Bediüzzaman her şeyin zıddı ile bilindiğini, dolayısı ile güzel kadar, çirkinin de estetik alanına girdiğini açıklamıştır. Ona göre her şey ya bizzat güzeldir, veya dolayısı ile güzeldir. Görünüşte çirkin olan pek çok şey aslında birçok güzelliklerin perdesidir.

Çirkin gibi görünen şeyler arkasında pek çok güzellikler gizlenmiştir. Örneğin fırtına, soğuk gibi insana çirki görünen bazı tabiat olaylarının arkasında baharın çiçeklenen güzel yüzü gizlenmiştir. Yine verdiği bir başka örnekte; insanın cinsel organı ilk anda çirkin ve utandırıcı algılandığını oysa ki sanat, yaratılış ve hikmet gözü ile bakıldığında gayet estetik ve güzel olduğunu ifade eder. Çirkinlik insanın zahiri bakış açısında kalır. Bize çirkin görünen olayların dış görünüşleri arkasında gayet güzel ve estetik yönler vardır ki bu perdeler arkasında gizlenmiştir.(Bediüzzaman, Sözler,1993, 231)

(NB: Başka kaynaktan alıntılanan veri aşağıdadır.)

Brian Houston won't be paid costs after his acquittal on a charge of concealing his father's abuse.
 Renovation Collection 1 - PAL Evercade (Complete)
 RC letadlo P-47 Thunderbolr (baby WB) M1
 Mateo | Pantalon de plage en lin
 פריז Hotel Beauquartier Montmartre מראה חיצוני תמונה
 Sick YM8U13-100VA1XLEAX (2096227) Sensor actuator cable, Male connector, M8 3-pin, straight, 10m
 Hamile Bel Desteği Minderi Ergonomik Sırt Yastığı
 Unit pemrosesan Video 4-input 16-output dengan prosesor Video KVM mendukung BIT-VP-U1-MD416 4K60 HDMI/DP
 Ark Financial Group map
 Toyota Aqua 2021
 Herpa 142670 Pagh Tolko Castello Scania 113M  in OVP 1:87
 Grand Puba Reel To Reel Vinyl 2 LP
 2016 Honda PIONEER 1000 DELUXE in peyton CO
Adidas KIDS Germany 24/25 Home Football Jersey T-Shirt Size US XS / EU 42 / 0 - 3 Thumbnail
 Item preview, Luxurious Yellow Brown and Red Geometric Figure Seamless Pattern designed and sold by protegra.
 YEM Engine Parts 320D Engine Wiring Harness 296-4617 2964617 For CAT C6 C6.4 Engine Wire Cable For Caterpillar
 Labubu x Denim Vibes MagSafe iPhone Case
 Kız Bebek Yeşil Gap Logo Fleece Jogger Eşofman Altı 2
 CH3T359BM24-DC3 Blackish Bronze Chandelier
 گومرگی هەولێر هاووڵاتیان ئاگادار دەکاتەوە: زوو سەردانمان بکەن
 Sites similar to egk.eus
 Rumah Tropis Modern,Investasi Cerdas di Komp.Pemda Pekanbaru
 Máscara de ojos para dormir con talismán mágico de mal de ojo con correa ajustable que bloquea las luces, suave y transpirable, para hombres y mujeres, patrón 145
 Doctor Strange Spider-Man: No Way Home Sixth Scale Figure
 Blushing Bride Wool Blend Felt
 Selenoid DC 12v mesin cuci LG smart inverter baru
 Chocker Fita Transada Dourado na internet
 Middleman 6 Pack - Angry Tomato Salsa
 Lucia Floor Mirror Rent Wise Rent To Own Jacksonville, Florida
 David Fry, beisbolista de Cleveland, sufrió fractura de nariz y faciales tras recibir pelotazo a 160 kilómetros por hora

Psikolojik estetikle ilgili olarak Bediüzzaman insanın güzel görmesinin ve güzel düşünmesinin elinde olduğunu ve her şeye güzel gözüyle bakanın her şeyden haz duyabileceğini ifade etmiştir. “Güzel gören güzel düşünür, güzel düşünen hayatından lezzet alır” diyerek güzelliğin insanın psikolojisine bağlı olarak değişebileceğini söylemiştir. (Bediüzzaman, Asarı Bediiye,1979,644)

Bediüzzaman güzelliğin göreceli olduğunu, kişiden kişiye, toplumdan topluma geçtikçe değiştiğini, farklı kültürlerde farklı yorumlandığını belirtmiştir. (Bediüzzaman,A.g.e.123)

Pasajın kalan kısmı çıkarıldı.